*** Opening Data block ***
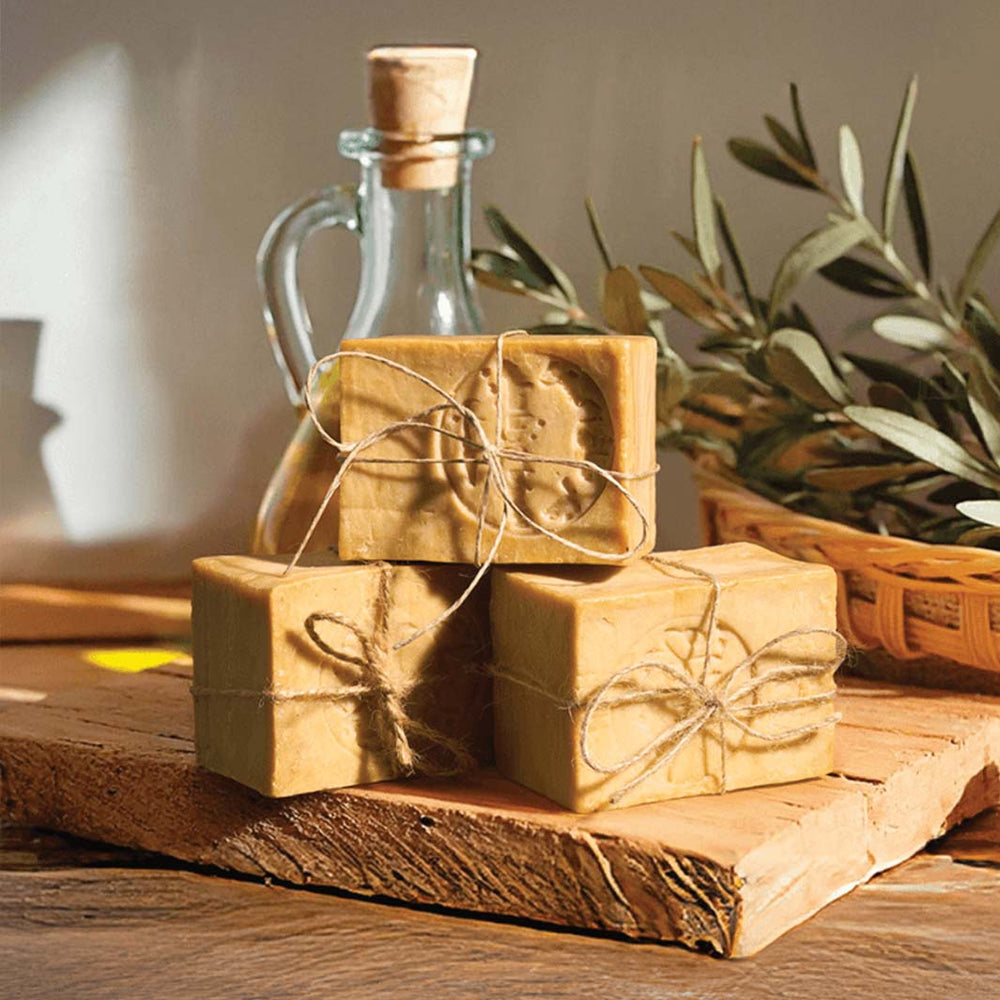La Maison du Savon de Marseille Savon d'Alep Laurel Oil Soap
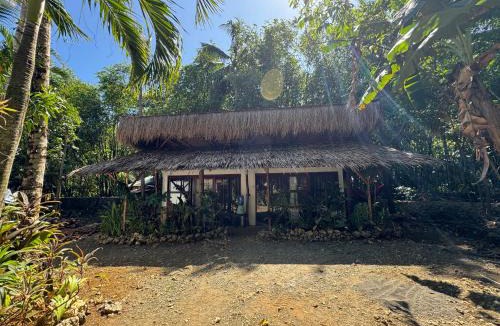 Catangnan House | NUTMEG Cottage Siargao- Private room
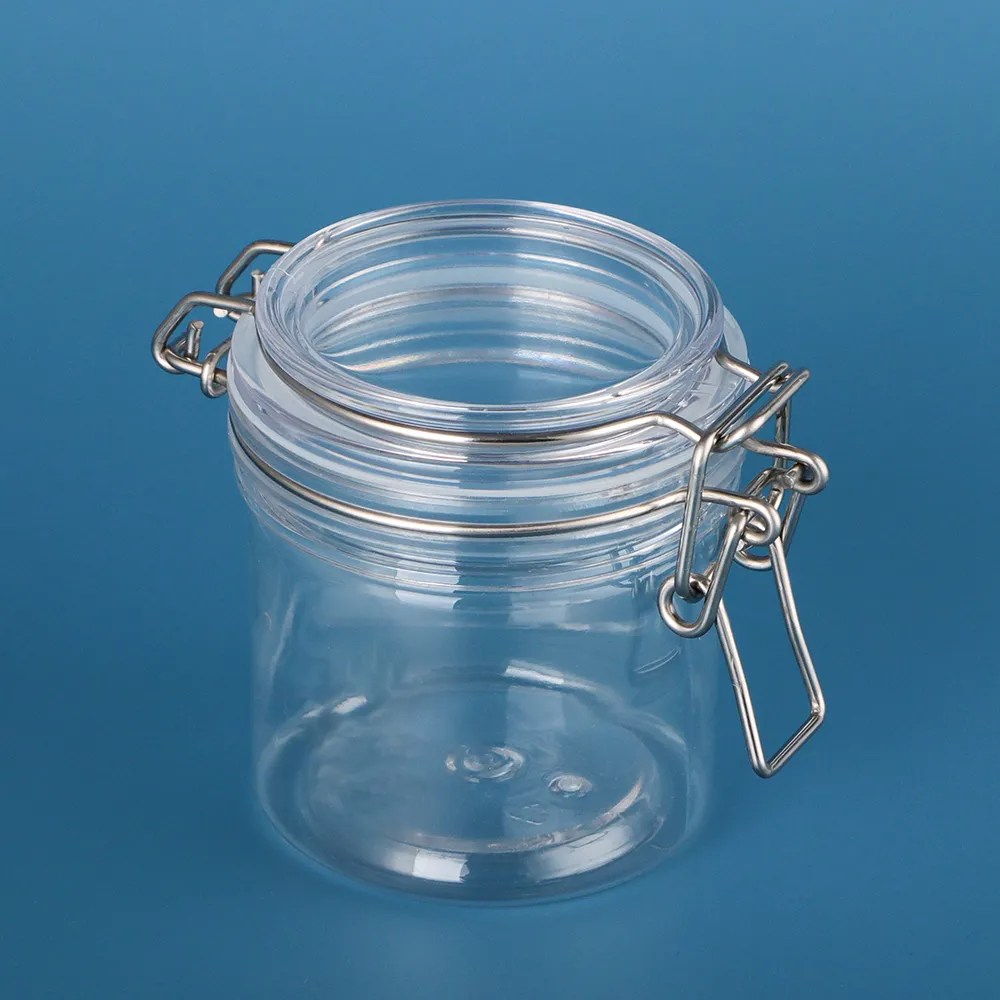 Plastic candy jars，Wholesale price ，BOTUO Bottle 1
*** Closing Data block ***
**Problem to solve:** Transcribe the listing in full and omit the pictures.

**Answer to the exercise:**
La Maison du Savon de Marseille Savon d'Alep Laurel Oil Soap
 Catangnan House | NUTMEG Cottage Siargao- Private room
 Plastic candy jars，Wholesale price ，BOTUO Bottle 1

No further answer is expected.